* RECORDS TO PROCESS
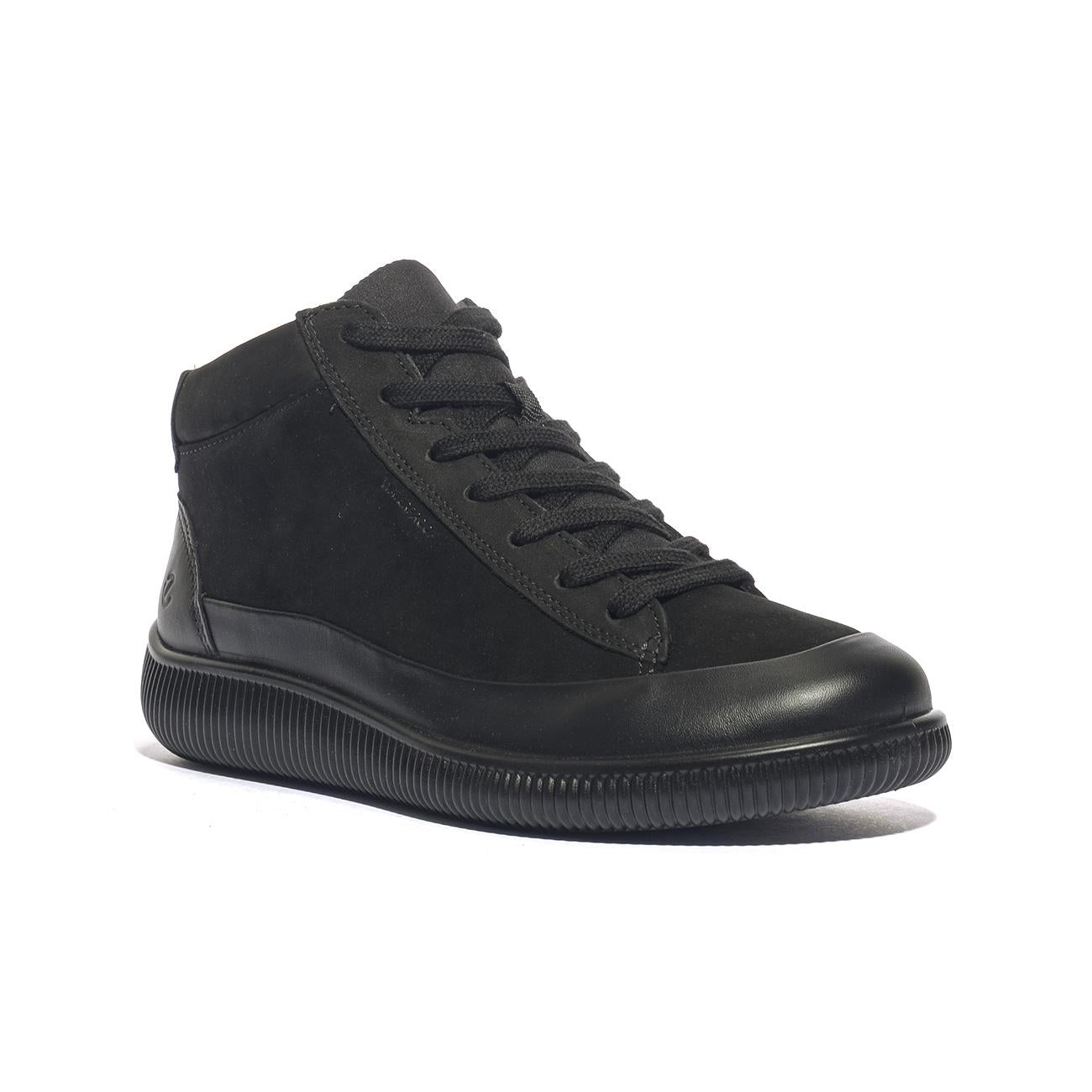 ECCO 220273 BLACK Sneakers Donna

==

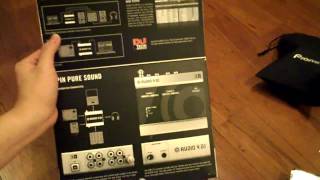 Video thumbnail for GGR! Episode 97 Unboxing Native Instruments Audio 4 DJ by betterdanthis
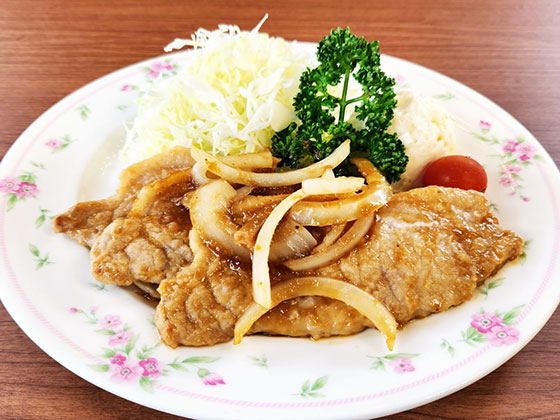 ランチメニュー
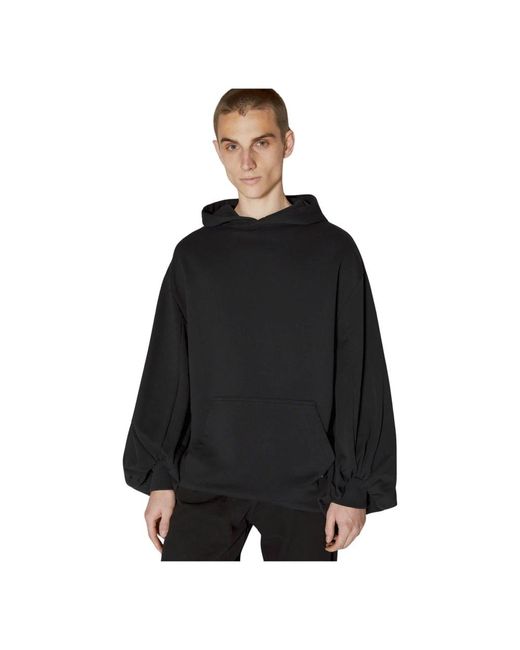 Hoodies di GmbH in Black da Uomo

* TASK DETAILS
Return only the stretch above from the line containing "Video thumbnail for" through the line containing "Hoodies di GmbH in Black da Uomo", word for word and without pictures.

* ANSWER FOR THE TASK
 Video thumbnail for GGR! Episode 97 Unboxing Native Instruments Audio 4 DJ by betterdanthis
 ランチメニュー
 Hoodies di GmbH in Black da Uomo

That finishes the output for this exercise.